-- Instructions for the task --
Beginning with the line that holds "40 x 200 g Boxes of Ritz Original Crackers" and ending with the last line of the entries below, copy every line exactly and nothing else, with the pictures left out.

-- Material for this exercise --

◆ ◆ ◆ ◆ ◆ ◆ ◆

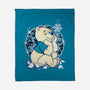 A Bear Winter Day-None-Fleece-Blanket-palmstreet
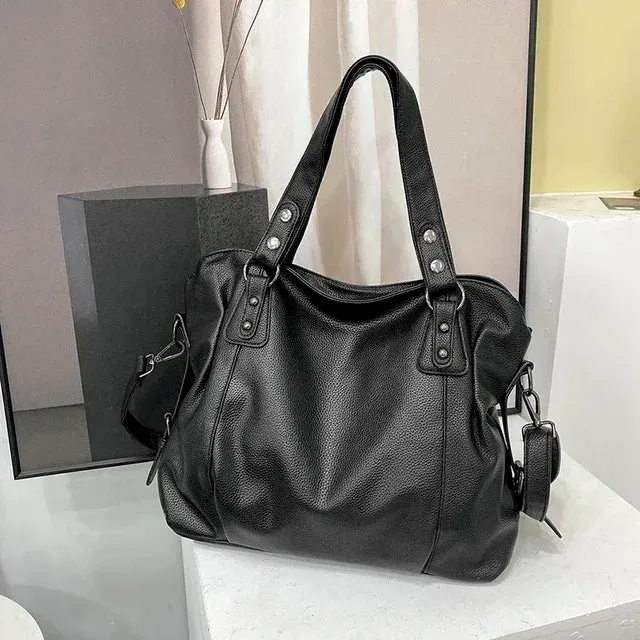 Luxe Voyager Handbag - Versatile Shoulder Bag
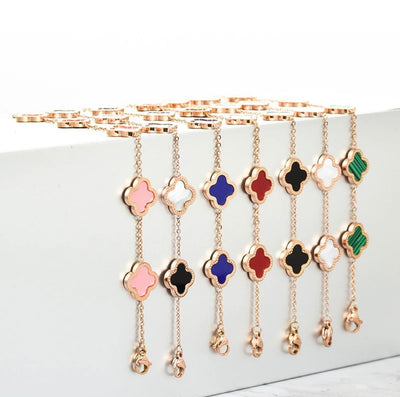 Four Leaf Clover Bracelet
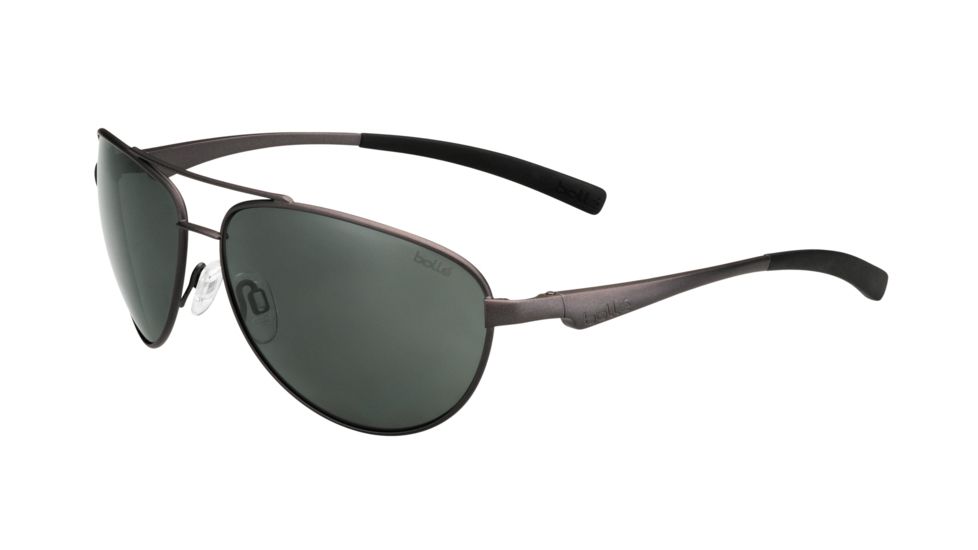 Bolle Columbus Sunglasses,Matte Gun Frame,TNS Oleo AF Lens,Polarized,11799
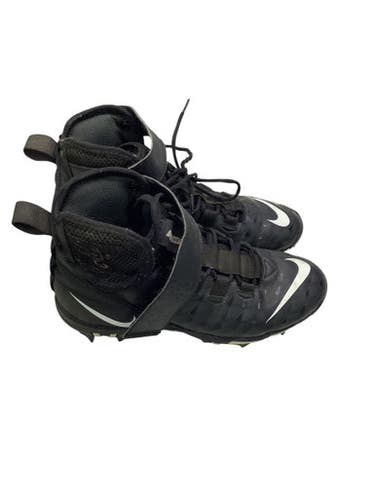 Used Nike Adult FB Cleats Black Senior 8 11347-S000251736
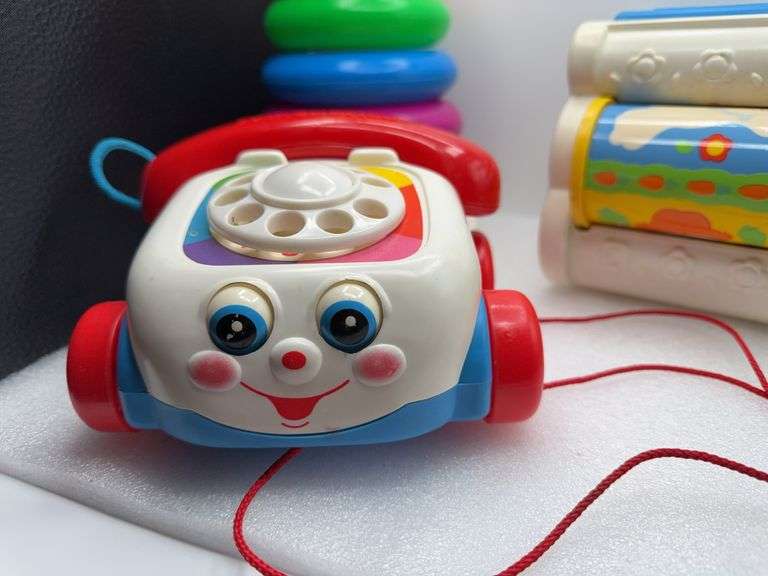 Vintage Baby/Toddler Toys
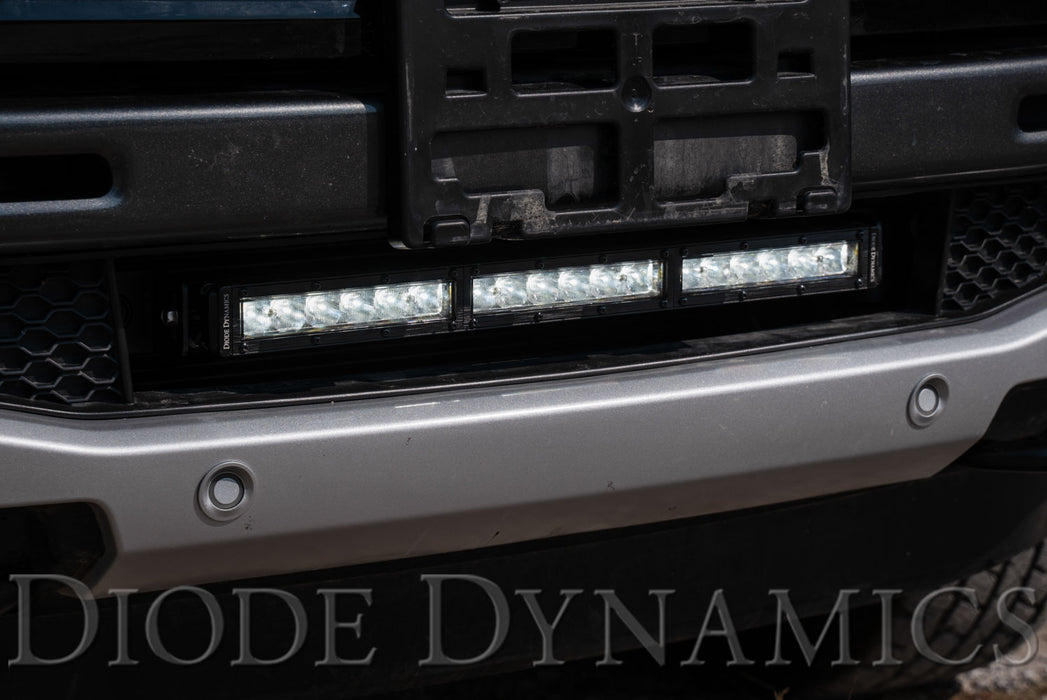 SS18 LED Lightbar Kit for 2019-2021 Ford Ranger, White Combo - TRUCKED UP - Truck Superstore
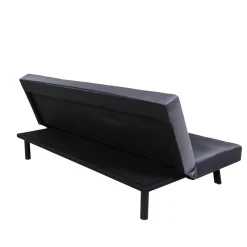 Bodil Grå Sammet 2-sitssoffa 180x80x55 cm 1 Sovplats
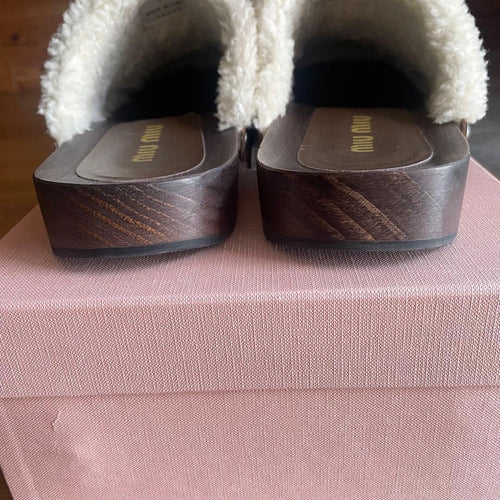 Miu Clogs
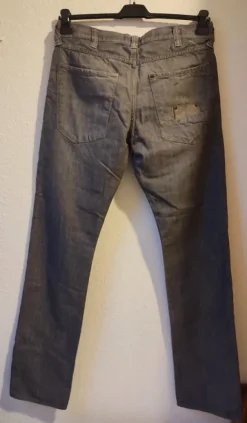 SLIQ Jeans grau W34 Slim Fit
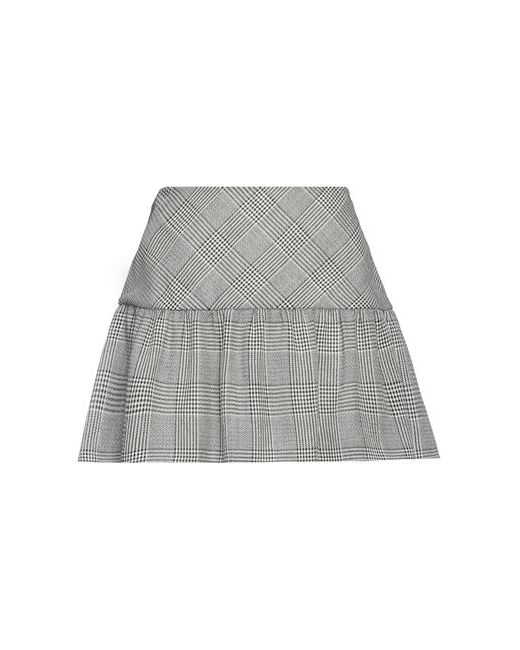 Alessandra Rich Mini skirt Virgin Wool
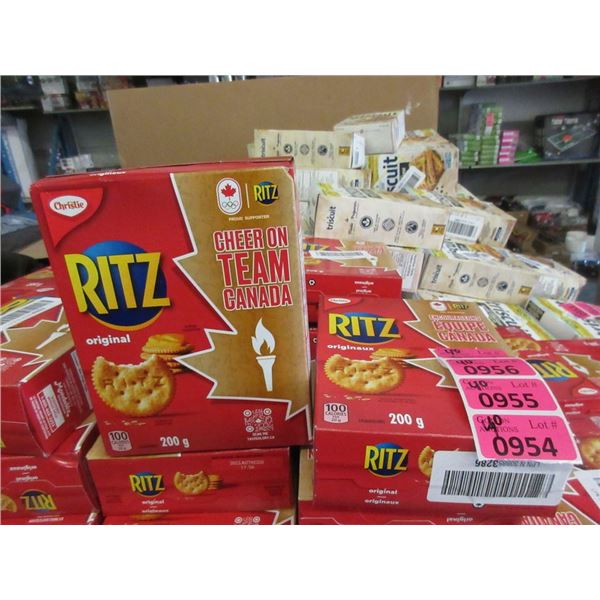 40 x 200 g Boxes of Ritz Original Crackers
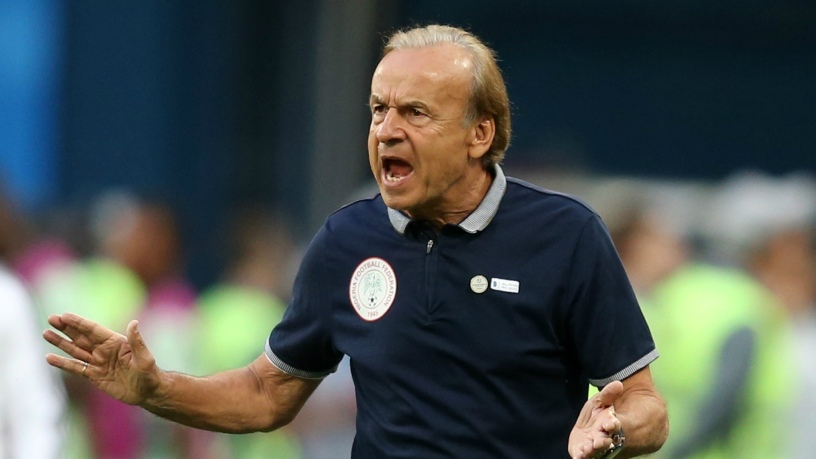 NFF Debunks Report Of Gernot Rohr’s Sack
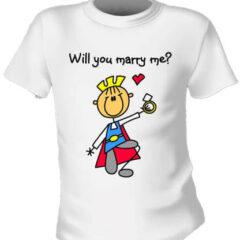 Футболка Will You Marry Me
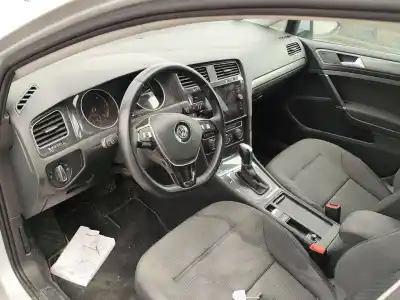 Veículo de Sucata volkswagen golf vii variant (ba5, bv5) 1.6 tdi do ano 2019 alimentado ddya,dgte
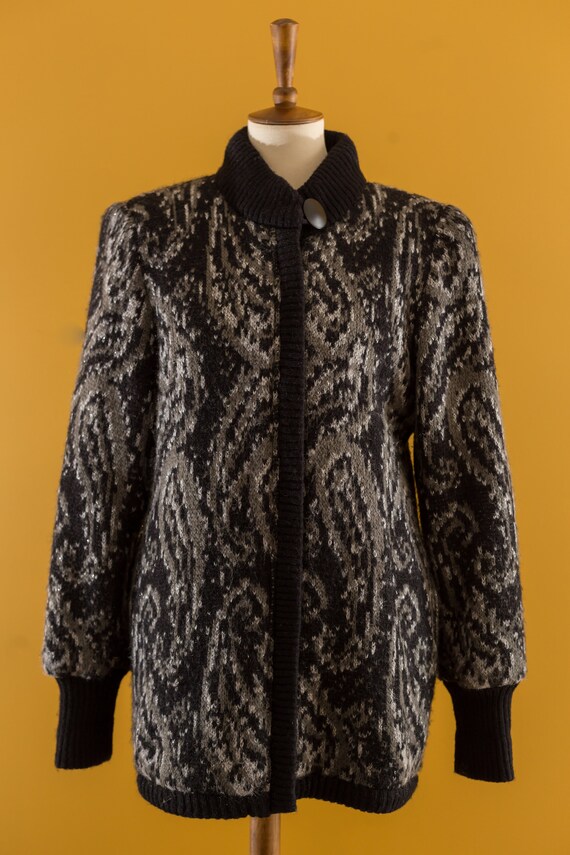 Vintage padded sweater Jacket - image 3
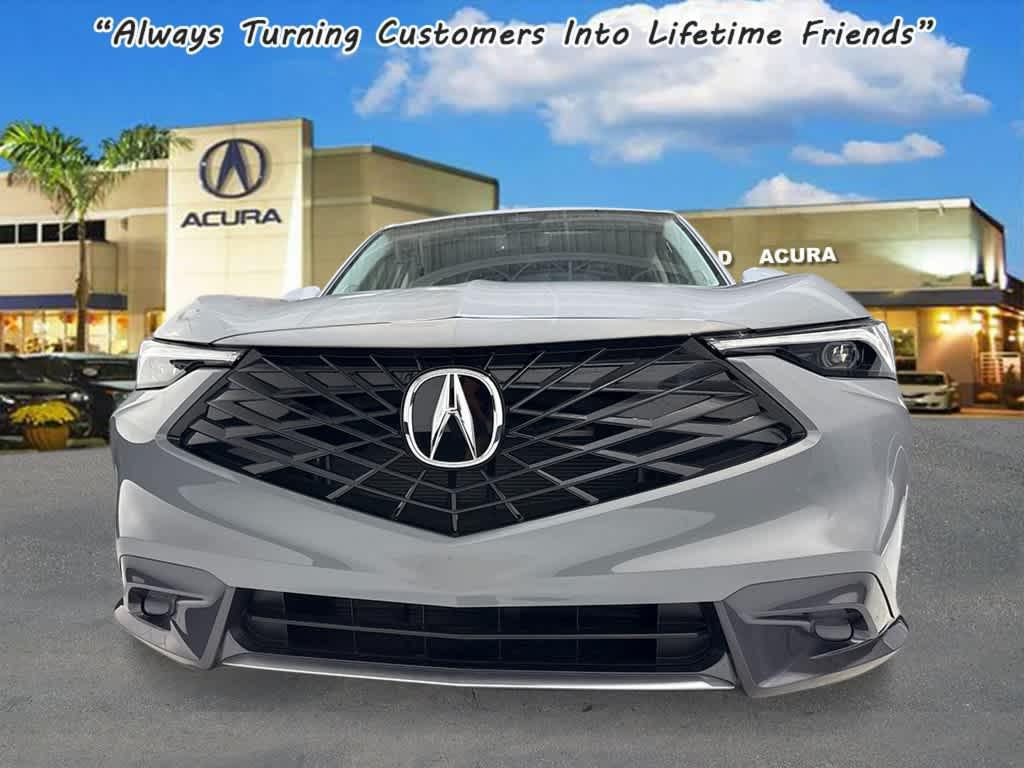 new 2026 Acura ADX car, priced at $39,050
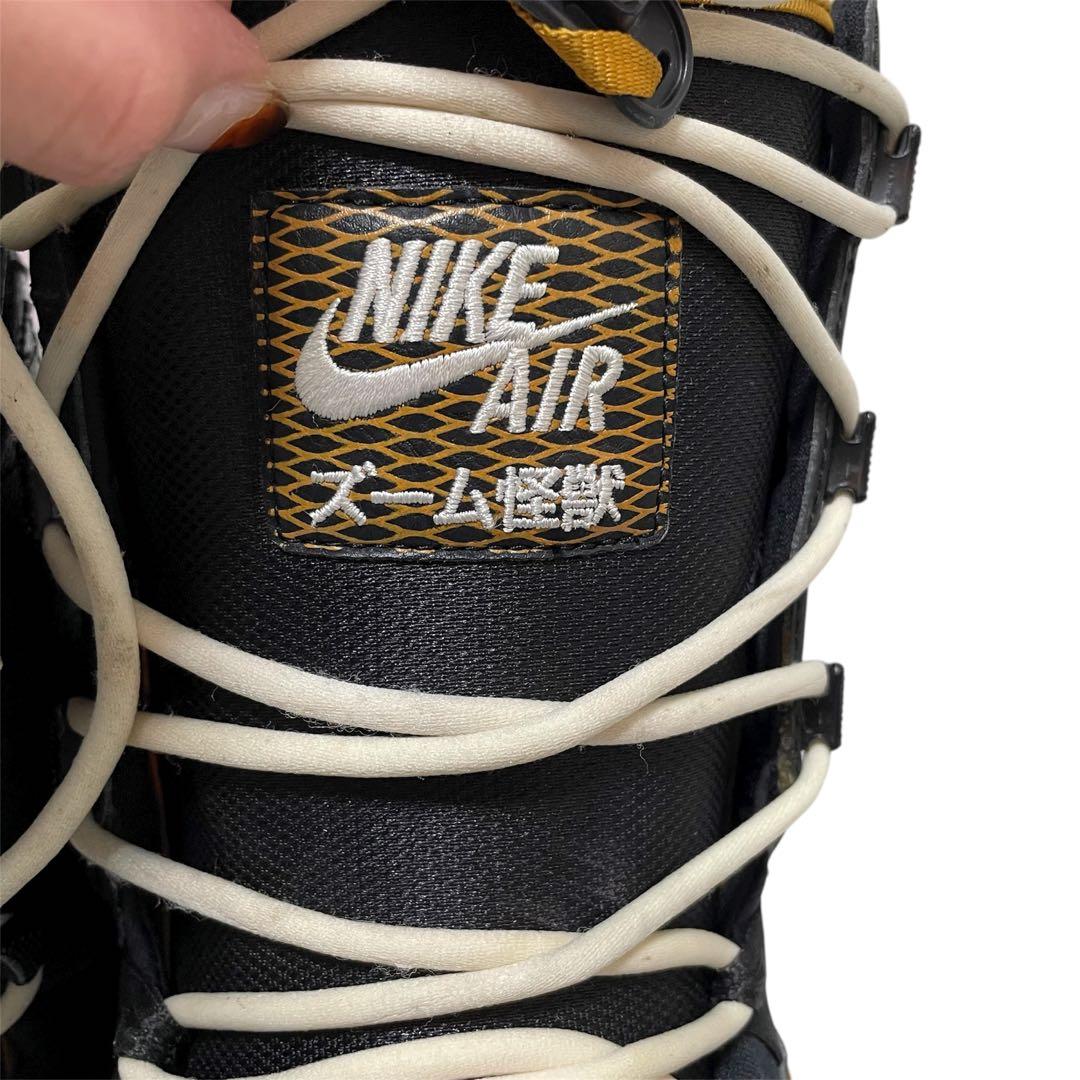 【激レア‼️】NIKE スノーボードブーツ　ズーム怪獣　27.0cm ナイキ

◆ ◆ ◆ ◆ ◆ ◆ ◆

-- Output of the exercise --
 40 x 200 g Boxes of Ritz Original Crackers
 NFF Debunks Report Of Gernot Rohr’s Sack
 Футболка Will You Marry Me
 Veículo de Sucata volkswagen golf vii variant (ba5, bv5) 1.6 tdi do ano 2019 alimentado ddya,dgte
 Vintage padded sweater Jacket - image 3
 new 2026 Acura ADX car, priced at $39,050
 【激レア‼️】NIKE スノーボードブーツ　ズーム怪獣　27.0cm ナイキ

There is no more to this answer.